You write that there is no K8s cloud portability if:

"Your application doesn't store any data" - This is not correct. It is no problem moving a service which stores data between cloud vendors (= uses physical volumes).

It doesn't do anything with a network, at least it doesn't accept any incoming traffic - This is not correct. All K8s clould vendors allow you to use K8s ingresses (there are also other options).

It doesn't require any monitoring - This is not correct. All K8s cloud providers support liveness/readiness probes (it's a part of the standard). All cloud providers allow you to install Promethes + AlertManager for monitoring. And I'd guess that all cloud provider give you integration with their monitoring system "out of the box" (at least the provider we use, but I'd be extremely surprised if that isn't the case also with other providers)

It doesn't use any other PaaS services - That's actually a point. Using Paas services sometimes means vendor lock in.

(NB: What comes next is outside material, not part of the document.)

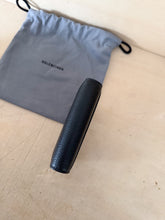 Carica l'immagine nel visualizzatore di Gallery, Balenciaga Portafoglio Compact Donna Nero Logo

Fully stateless, has no interaction with anything outside of itself - This is not correct. As stated above those service can store state in physical volumes and/or they can store state in external data stores - like an external database. And I see no problems in a K8s service using an external database as a service. That's simply a good design and it's portable between cloud vendors.

I've probably misunderstood your arguments completely, but one of the things I like with K8s is that you can move (close to) exactly the same deployment between on-prem and different cloud providers.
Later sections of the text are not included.